Entries taken from a collection
○ ○ ○ ○ ○

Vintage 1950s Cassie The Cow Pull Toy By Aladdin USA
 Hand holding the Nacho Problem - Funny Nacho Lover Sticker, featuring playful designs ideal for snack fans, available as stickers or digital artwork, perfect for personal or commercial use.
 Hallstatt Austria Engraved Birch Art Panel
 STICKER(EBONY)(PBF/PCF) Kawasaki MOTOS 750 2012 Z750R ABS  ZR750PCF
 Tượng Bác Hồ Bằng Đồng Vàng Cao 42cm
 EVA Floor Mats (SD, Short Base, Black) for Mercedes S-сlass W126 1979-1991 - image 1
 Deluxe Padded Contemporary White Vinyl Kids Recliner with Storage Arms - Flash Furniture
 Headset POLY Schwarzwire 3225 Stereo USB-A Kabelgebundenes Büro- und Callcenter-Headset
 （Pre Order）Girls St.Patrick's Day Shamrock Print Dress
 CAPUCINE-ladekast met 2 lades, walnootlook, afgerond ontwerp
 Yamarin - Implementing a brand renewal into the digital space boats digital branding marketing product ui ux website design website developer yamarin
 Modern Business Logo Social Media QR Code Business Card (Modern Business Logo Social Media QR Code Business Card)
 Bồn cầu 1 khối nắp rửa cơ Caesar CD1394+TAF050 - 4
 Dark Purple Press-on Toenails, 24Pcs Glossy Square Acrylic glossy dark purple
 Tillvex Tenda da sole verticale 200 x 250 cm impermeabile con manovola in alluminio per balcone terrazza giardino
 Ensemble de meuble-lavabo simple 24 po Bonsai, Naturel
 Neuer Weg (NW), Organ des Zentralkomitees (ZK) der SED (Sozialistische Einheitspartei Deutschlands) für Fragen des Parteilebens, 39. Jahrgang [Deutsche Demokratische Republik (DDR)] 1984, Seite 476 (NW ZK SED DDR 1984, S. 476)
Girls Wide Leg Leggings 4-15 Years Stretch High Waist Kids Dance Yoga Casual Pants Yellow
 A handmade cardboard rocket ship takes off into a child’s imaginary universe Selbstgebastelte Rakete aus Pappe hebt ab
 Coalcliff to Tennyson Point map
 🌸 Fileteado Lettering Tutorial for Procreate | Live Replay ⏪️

○ ○ ○ ○ ○

*Problem to solve*. Look above for the line with "EVA Floor Mats" and the line with "CAPUCINE-ladekast met 2"; transcribe both and all lines in between, exactly, and nothing else.

*Exercise output*.
 EVA Floor Mats (SD, Short Base, Black) for Mercedes S-сlass W126 1979-1991 - image 1
 Deluxe Padded Contemporary White Vinyl Kids Recliner with Storage Arms - Flash Furniture
 Headset POLY Schwarzwire 3225 Stereo USB-A Kabelgebundenes Büro- und Callcenter-Headset
 （Pre Order）Girls St.Patrick's Day Shamrock Print Dress
 CAPUCINE-ladekast met 2 lades, walnootlook, afgerond ontwerp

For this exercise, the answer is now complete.